[Aim of the task] As the output, give exactly the lines that run from the one with "八年级语文下册《行路难（其一）》思维导图" through the end of the records below, and omit pictures.

[Data extract]
★ ★ ★

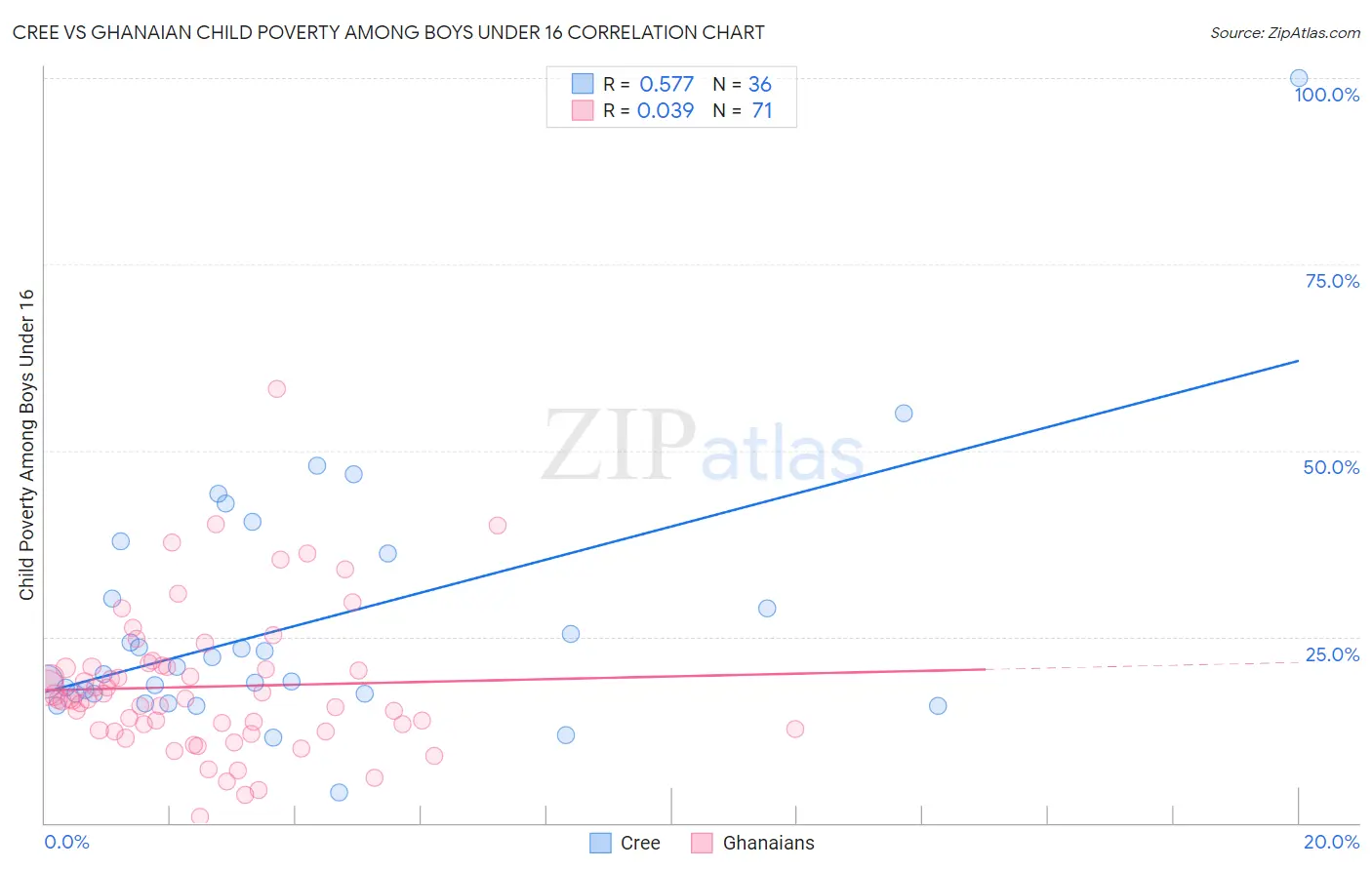 Cree vs Ghanaian Child Poverty Among Boys Under 16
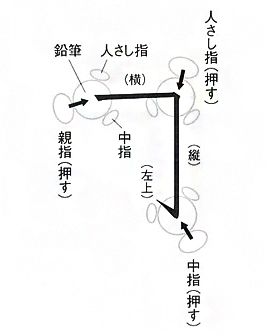 鉛筆の持ち方 書写の基礎講座 小学校 書写 光村図書出版 鉛筆の持ち方 書写の基礎講座 小学校 書写 光村図書出版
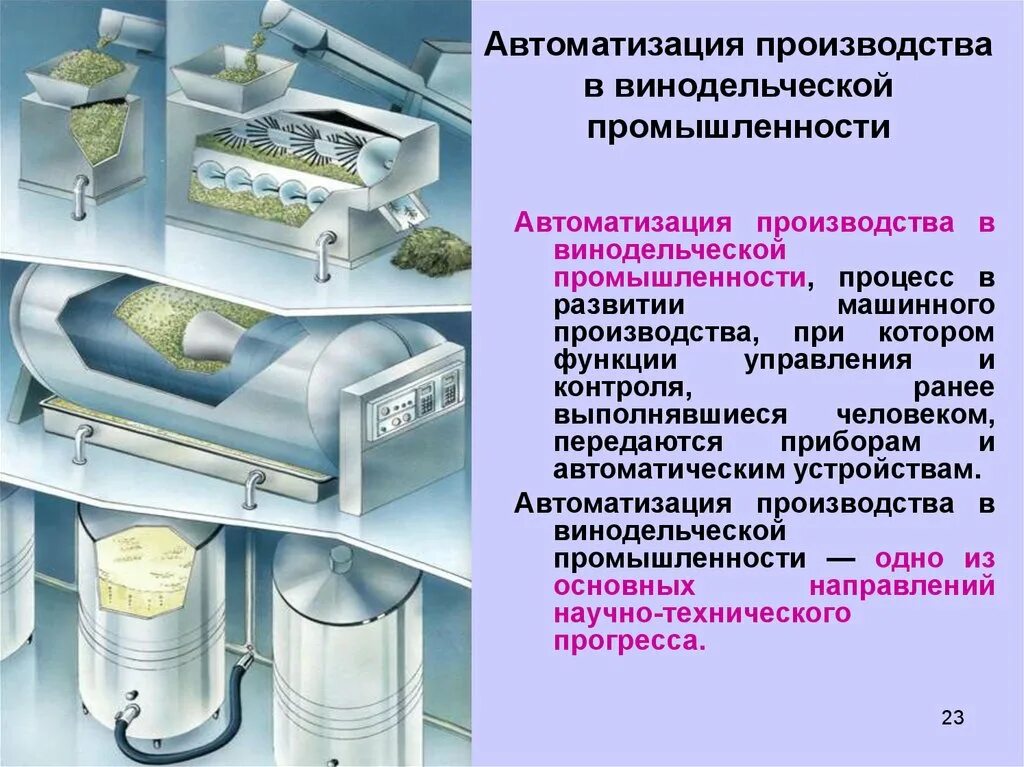 Новая технология пищевой промышленности. Автоматизированный процесс производства. Примеры автоматизированного производства. Автоматизация промышленности. Автоматизация пищевой промышленности.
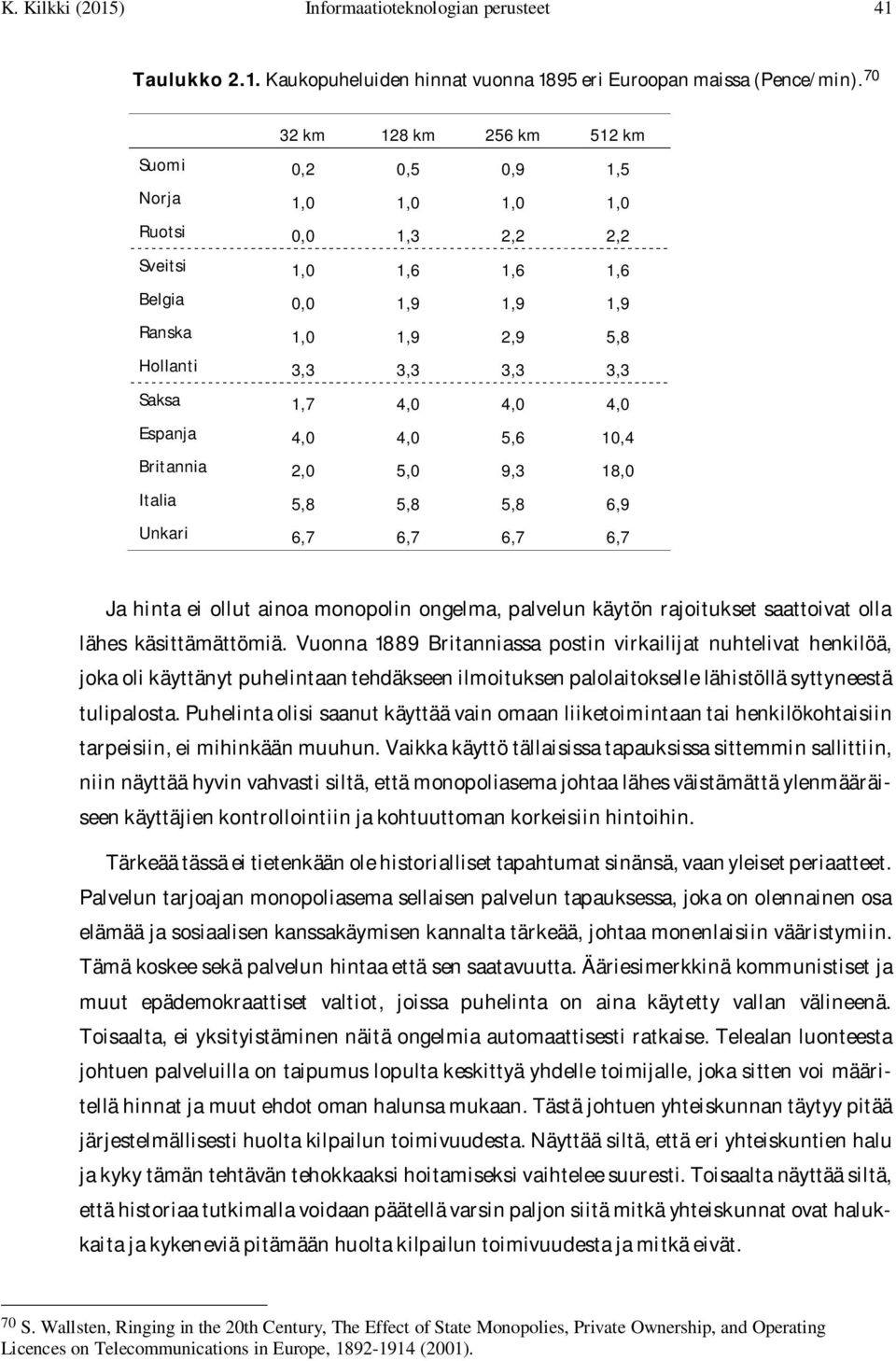 1,7 4,0 4,0 4,0 Espanja 4,0 4,0 5,6 10,4 Britannia 2,0 5,0 9,3 18,0 Italia 5,8 5,8 5,8 6,9 Unkari 6,7 6,7 6,7 6,7 Ja hinta ei ollut ainoa monopolin ongelma, palvelun käytön rajoitukset saattoivat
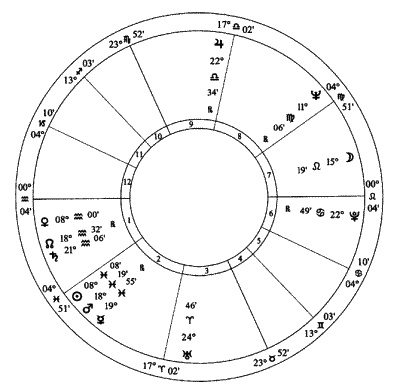 Иллюстрация к книге — Циклы Сатурна. Карта изменений в вашей жизни [_10_fmt.jpg]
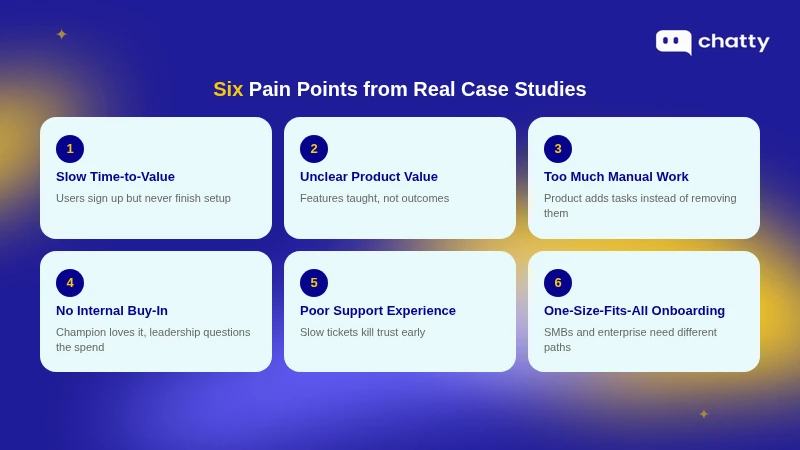 Six common customer pain points found in real case studies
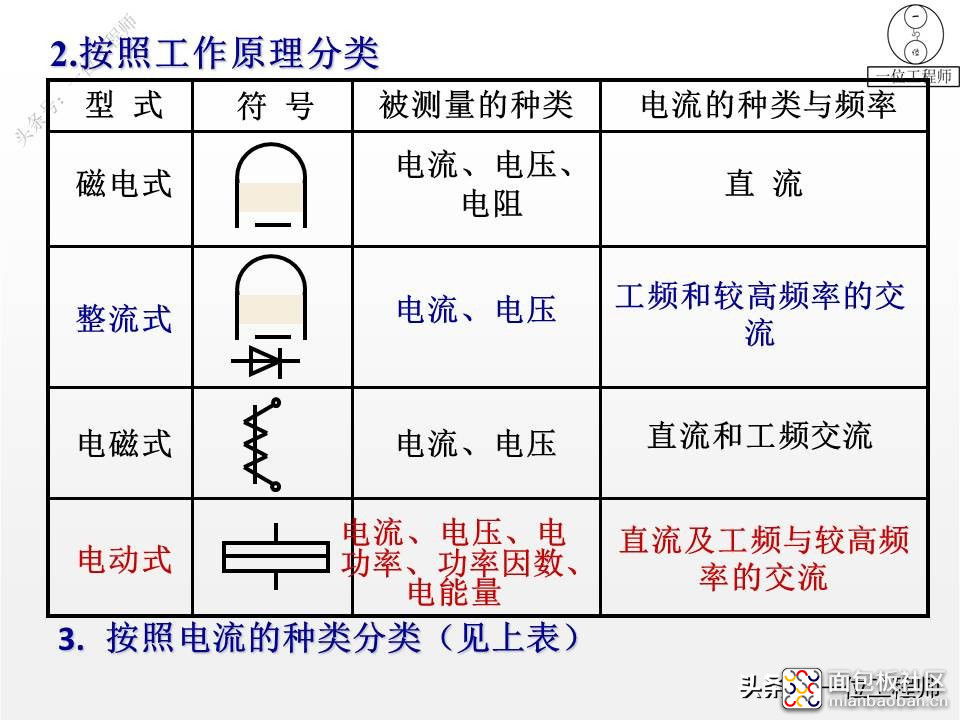 e06be4beff634a41a81e1a9741043c28?from=pc.jpg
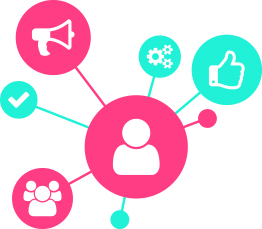 agence de webmarketing et social media en français et espagnol en espagne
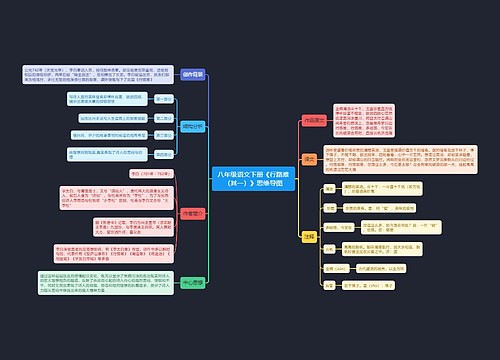 八年级语文下册《行路难（其一）》思维导图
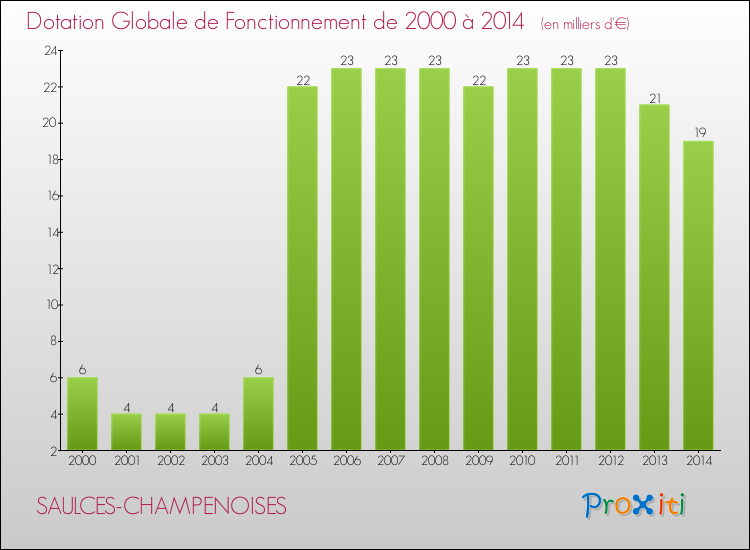 Evolution du montant de la Dotation Globale de Fonctionnement pour la commune de SAULCES-CHAMPENOISES de 2000 à 2014 Evolution du montant de la Dotation Globale de Fonctionnement pour SAULCES-CHAMPENOISES de 2000 à 2014
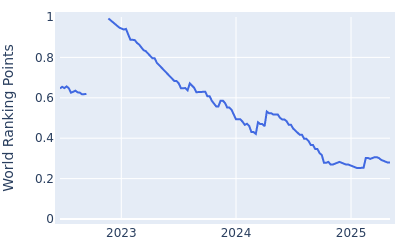 World ranking points over time for Tyson Alexander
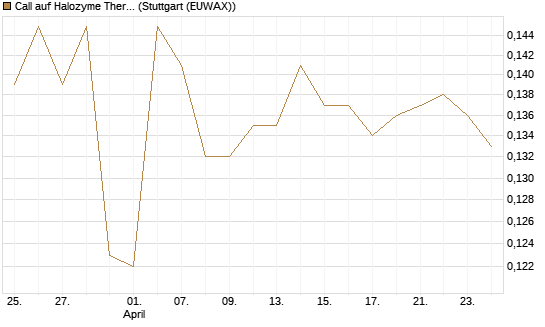 Call auf Halozyme Therapeutics [Morgan Stanley & Co. Int. plc] Chart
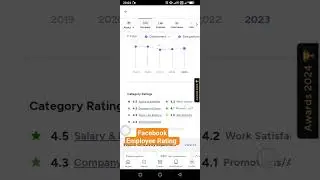 Facebook Employee Rating on ambitionbox.com #facebook #instagram #salary #software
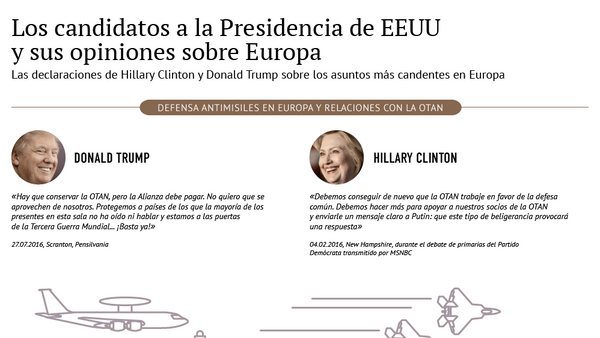 Conozca qué opinan los aspirantes a la presidencia de EEUU sobre Europa - Sputnik Mundo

★ ★ ★

[Exercise result]
 八年级语文下册《行路难（其一）》思维导图
 Evolution du montant de la Dotation Globale de Fonctionnement pour la commune de SAULCES-CHAMPENOISES de 2000 à 2014 Evolution du montant de la Dotation Globale de Fonctionnement pour SAULCES-CHAMPENOISES de 2000 à 2014
 World ranking points over time for Tyson Alexander
 Call auf Halozyme Therapeutics [Morgan Stanley & Co. Int. plc] Chart
 Facebook Employee Rating on ambitionbox.com #facebook #instagram #salary #software
 Conozca qué opinan los aspirantes a la presidencia de EEUU sobre Europa - Sputnik Mundo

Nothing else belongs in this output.